1.7ma = (1/5k + 1/20k) -1/20k Va
-2ma = -1/20k (1/4k + 1/20k) Vb

The answers I got were Va= 5.655v and Vb= -5.724

Your equations look wrong, but I agree with your answers.

then, using I= (Vb-Va)/R ----> (-11.379/20k) = 0.65ma

Look again. You've got a negative divided by a positive. That should be negative. However, you've got Vb and Va reversed. Resistors are passive, so to compute the current you subtract the lower potential from the higher one, not the other way around.

 

[marstery]

**I set up my equations based on another example from class, what is the correct matrix set up for an example like this?

..-------Va----R2--I>---Vb------
|...|.....|...|
^...R1......R3...V
Is1...|.....|...Is2
.| _____|_____________|______|



**so after switching Va and Vb and correcting the neg/pos mistake, the current should be the same, right?

 

[quantumdude]

Regarding your equations: Let me show you how I interpreted them, using LaTeX.

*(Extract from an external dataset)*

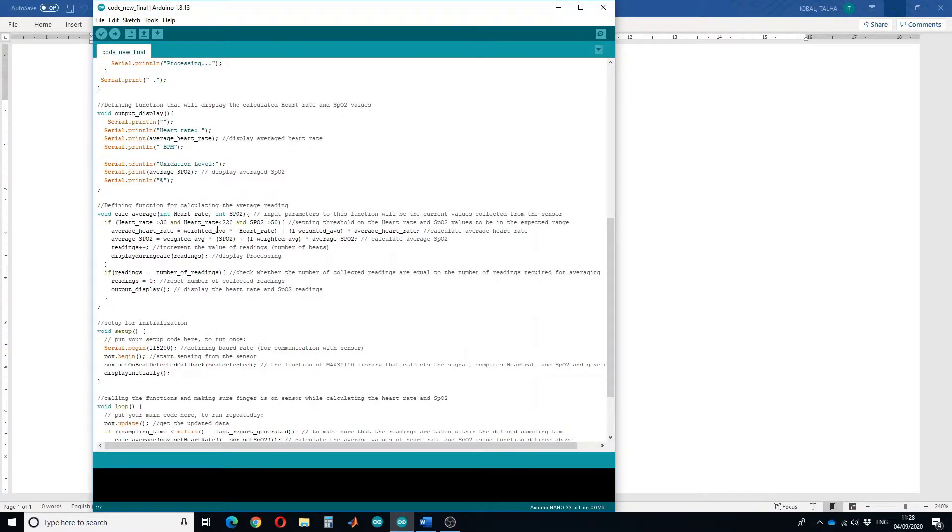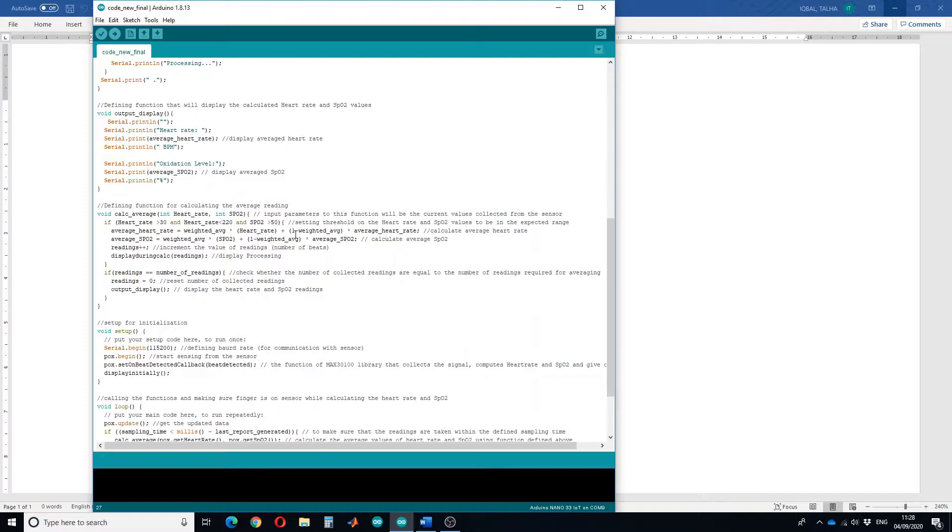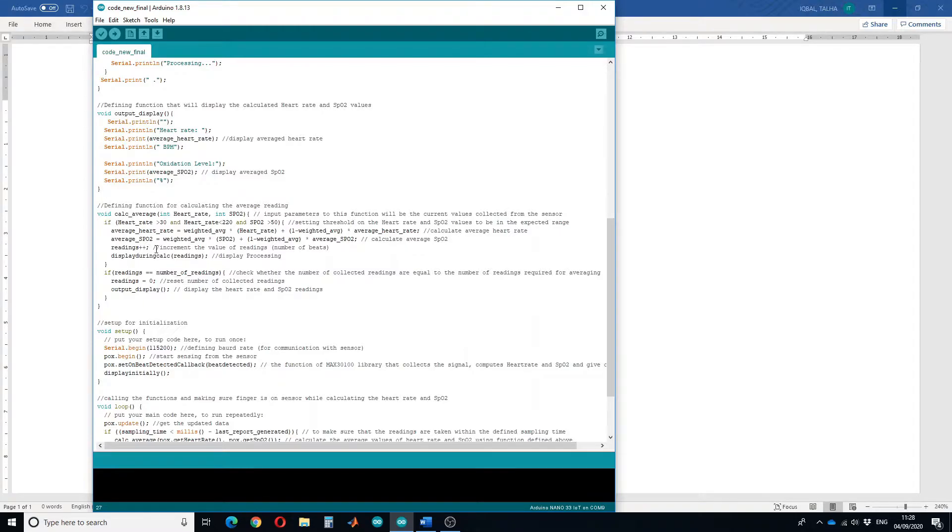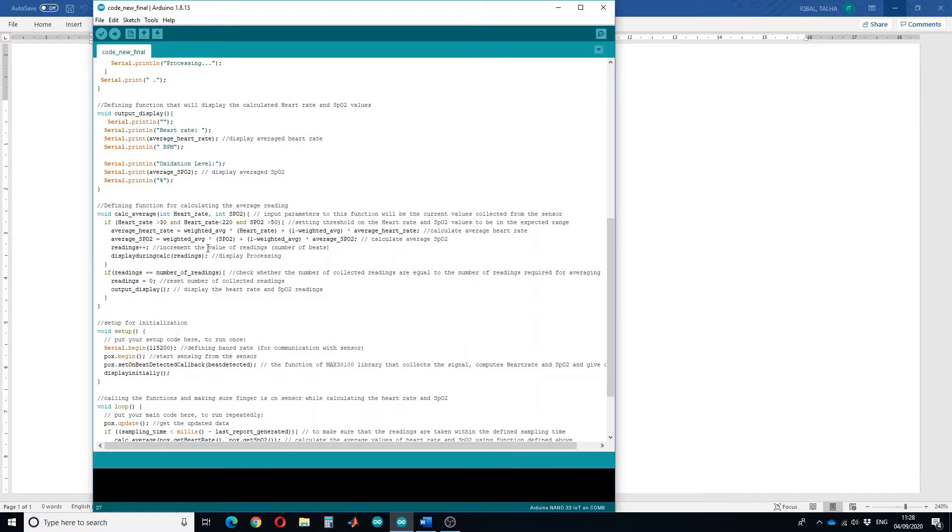This line of code will average the heart rate value and this line of code will average the SPO2 value. We will increment the reading so that it knows how many number of beats we have already calculated. When the number of readings is equal to the number of readings we want to average, then it will terminate this loop and will display the output.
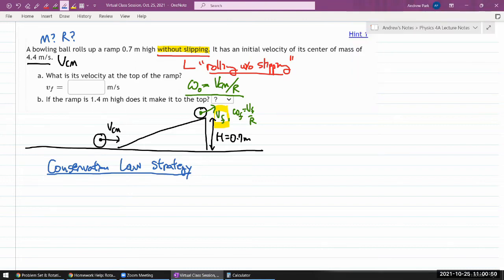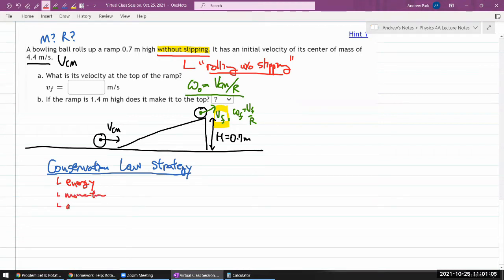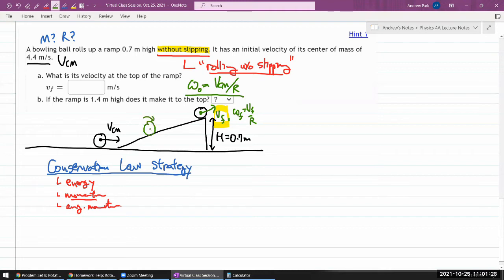Think through which quantities are conserved. You've learned three: conservation of mechanical energy, conservation of momentum, and conservation of angular momentum. For momentum to be conserved, the net impulse due to external forces must be zero. Here, there's a normal force and gravity, which will be changing momentum both horizontally and vertically — so conservation of momentum is not going to work.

1.7ma = (1/5k + 1/20k) -1/20k Va

I read this as:

$$1.7mA=\left(\frac{1}{5k\Omega}+\frac{1}{20k\Omega}\right)-\frac{1}{20k\Omega}V_a$$

The equation, as I read it, is dimensionally wrong. The LHS has units of current. The first term on the RHS has units of reciprocal resistance. Also, Vb doesn't appear at all! Here is how the equation should read.

$$1.7mA=\frac{1}{5k\Omega}V_a+\frac{1}{20k\Omega}\left(V_a-V_b\right)$$

On to the second equation.

-2ma = -1/20k (1/4k + 1/20k) Vb

This equation should read as follows.

$$-2mA=\frac{1}{4k\Omega}V_b-\frac{1}{20k\Omega}\left(V_a-V_b\right)$$

But I checked your answers using KCL at nodes a and b, and they worked.

 

[marstery]

oh i see. i had set up a matrix as below where brackets above one another are actually one, but i just can't type them that way here.

[1.7ma] = [ (1/5k + 1/20k), -1/20k ] [ Va ]
[-2ma ] = [ -1/20k, (1/4k + 1/20k) ] [ Vb ]

thanks you for your help!

 

[quantumdude]

No problemo. And if you're interested in learning how to use LaTeX here, you should consult the following thread:

https://www.physicsforums.com/showthread.php?t=8997

You can also see the LaTeX code for any equation that you see by clicking on it (you will need to allow pop-ups for this).